Some look at the aforementioned callbacks and references and accuse this series of merely copying other successes. However, it is to Jujutsu Kaisen‘s credit that, despite its increasingly apparent origins coming through on screen, it never feels like mere mimicry. There is an identity and tone that define the series, given ample texture by such inspired elements. Akutami has gone on record discouraging young creators from outright copying another creator’s identity.

I consider folks like Kubo-sensei and Chainsaw Man’s Tatsuki Fujimoto-sensei to have strong identities… Since their creations are products of the instincts and talents that come with having such a strong identity, I’d only hurt myself if I tried to copy their methods. That’s why I go out of my way to avoid this pitfall. I’ve always loved reading Bleach, but I know that imitating it would be the death of me. Ultimately, I can’t copy it because it’s too unique.
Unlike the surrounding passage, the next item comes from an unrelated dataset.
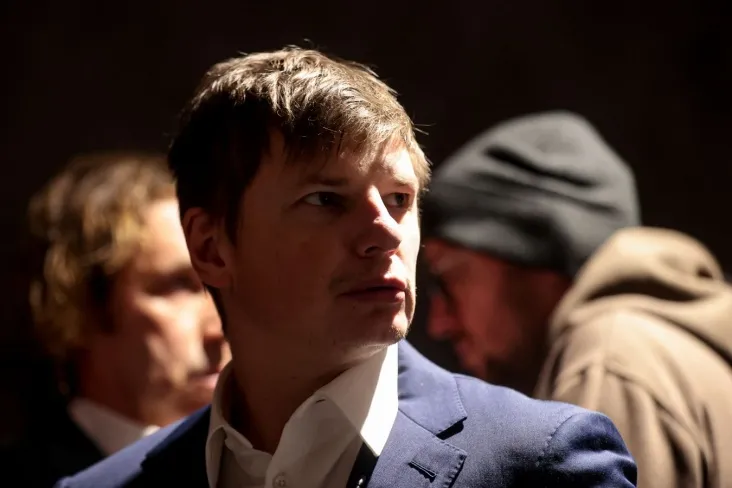 Arshavin Kanchelskisning so'zlariga javob berib, uni o'rta futbolchi deb atadi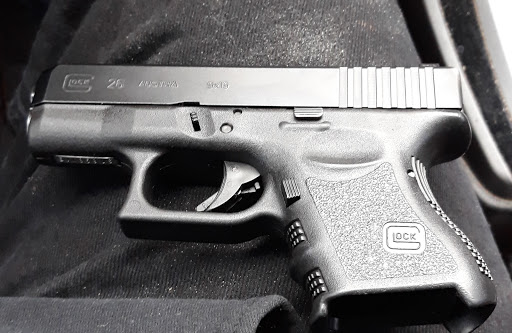 Gun Shop «Benson Gun Shop», reviews and photos, 53 Middle Country Rd, Coram, NY 11727, USA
So whenever I hear people say that my series reminds them of Bleach, I hesitantly reply with something like, “Well, sure, I guess… But…”

In the past, we’ve written about the philosophy of Jujutsu Kaisen, be it its perspective on society or adulthood, and these are the qualities that ultimately help the series stand out. Again, shōnen is about iteration and subversion, and finding a way to tell new stories while building hype through familiar frameworks. However, the extent of the anime’s penchant for paying tribute is not without some significance.

Jujutsu Kaisen feels progressively more like a turning point in popular shōnen, where the generation that grew up with the genre is now the one leading the way forward. Thus, these productions are increasingly referential, captained by creative teams that bridge the gap between those who have been inspired, and those that did the inspiring.